Alexandra Borchardt, chercheuse en journalisme à l’Institut de journalisme de Reuters d'Oxford fait un constat assez semblable. Elle aussi constate que, selon les médias que vous consultez, votre point de vue sur les événements politiques qui ont lieu dans votre pays, varie énormément. 

Le « nouvel environnement numérique multimédias » a permis à tout un chacun de donner son opinion. Et nous avons d’abord pris cela pour une avancée de la démocratie. Mais la démocratie n’est pas la foire d’empoigne, où chacun peut donner son avis sans rien y connaître, ni avoir de comptes à rendre en cas d’erreur. C’est un système de gouvernement dans lequel les peuples confient un exercice limité du pouvoir à des personnalités reconnues pour leur expérience, afin qu’elles promeuvent leurs intérêts nationaux. Un système dans lequel les pouvoirs se limitent mutuellement en s’équilibrant. 

Des nouvelles logiques du clic qui profitent aux populistes

Les nouveaux médias obéissent à une tout autre logique. Celle du clic et de l’effet de masse. ils peuvent aider à des mobilisations ponctuelles. Mais ils ils ne permettent pas leur institutionnalisation. Et ils minent la confiance des gouvernés envers les institutions. 

Les politiciens populistes étaient parfaitement en phase avec leur fonctionnement et ils se sont servis des réseaux sociaux pour accéder, ici ou là, au pouvoir. Un des effets pervers de ce système, c’est que les personnalités les plus talentueuses commencent à déserter et les médias et la politique… Ils n’ont pas envie de devenir des cibles sur les réseaux sociaux, où il y a trop de coups à prendre.

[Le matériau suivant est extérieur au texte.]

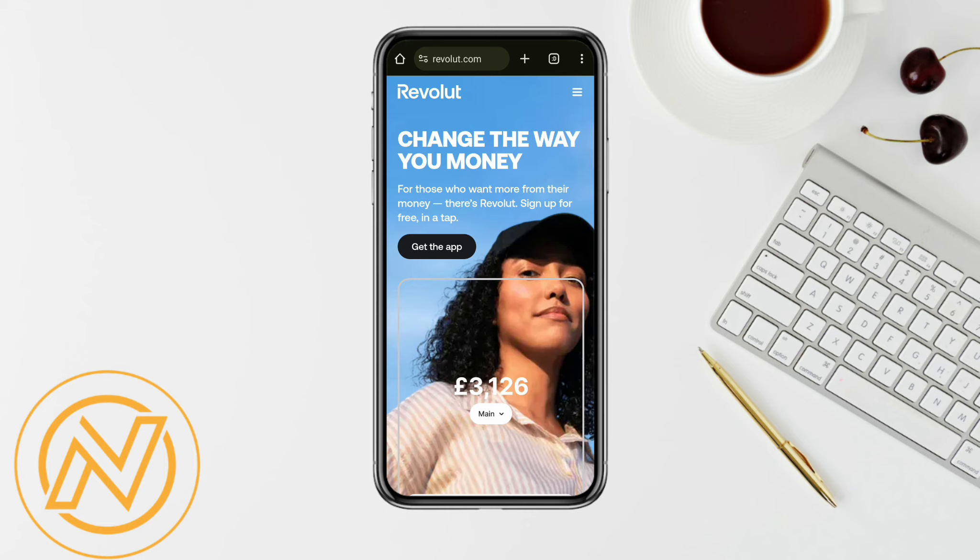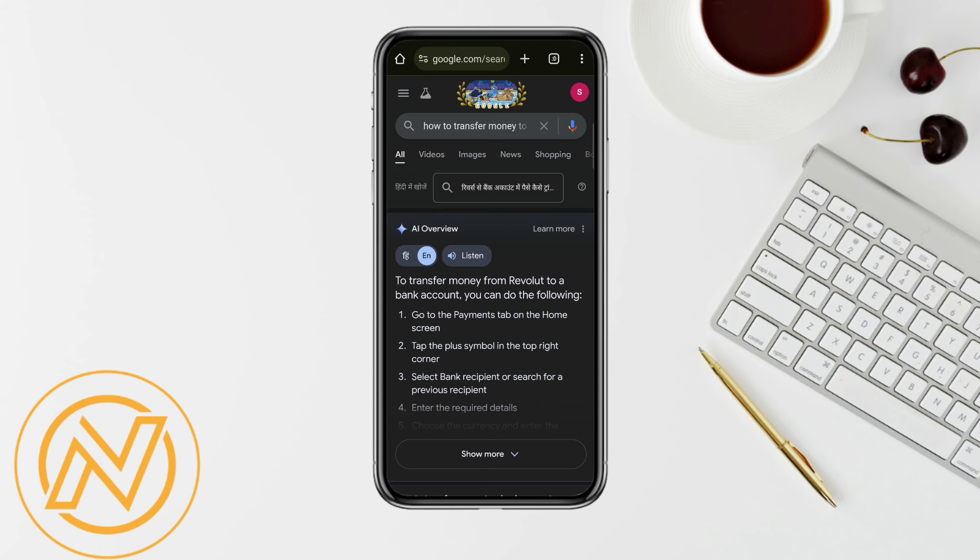So first of all, just simply open your Revolut account and then log into your account using your credentials. Once you're logged in, the process of transferring your money from your Revolut account to your bank account is quite simple.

Une crise de défiance médiatique devenue un stress test pour la démocratie

Alexandra Borchardt plaide pour deux solutions pratiques : primo, il faut pratiquer ce qu’elle appelle "un journalisme de solutions". Informer sur les changements possibles et positifs. "Les jeunes en particulier, relève-t-elle, semblent lassés d’une tendance à la négativité." Les médias doivent, en outre, demeurer fidèles à leur vocation démocratique ; celle-ci consiste à fournir aux électeurs une information fiable sur les "problématiques urgentes". 

Enfin, il faut améliorer ce qu’elle appelle "l’éducation aux médias". Afin de "combattre la désinformation à l’ère du numérique", il faut équiper les utilisateurs d’Internet des capacités de distinguer l’information véritable de la rumeur et de l’intox. Solution qui lui semble plus réaliste que de tenter d’imposer aux réseaux sociaux le respect de règles déontologiques, bien difficiles à mettre en œuvre. « Les démocraties du monde entier sont actuellement soumises à un stress test. » 

Nous autres journalistes, avons pour responsabilité de les aider à tenir bon.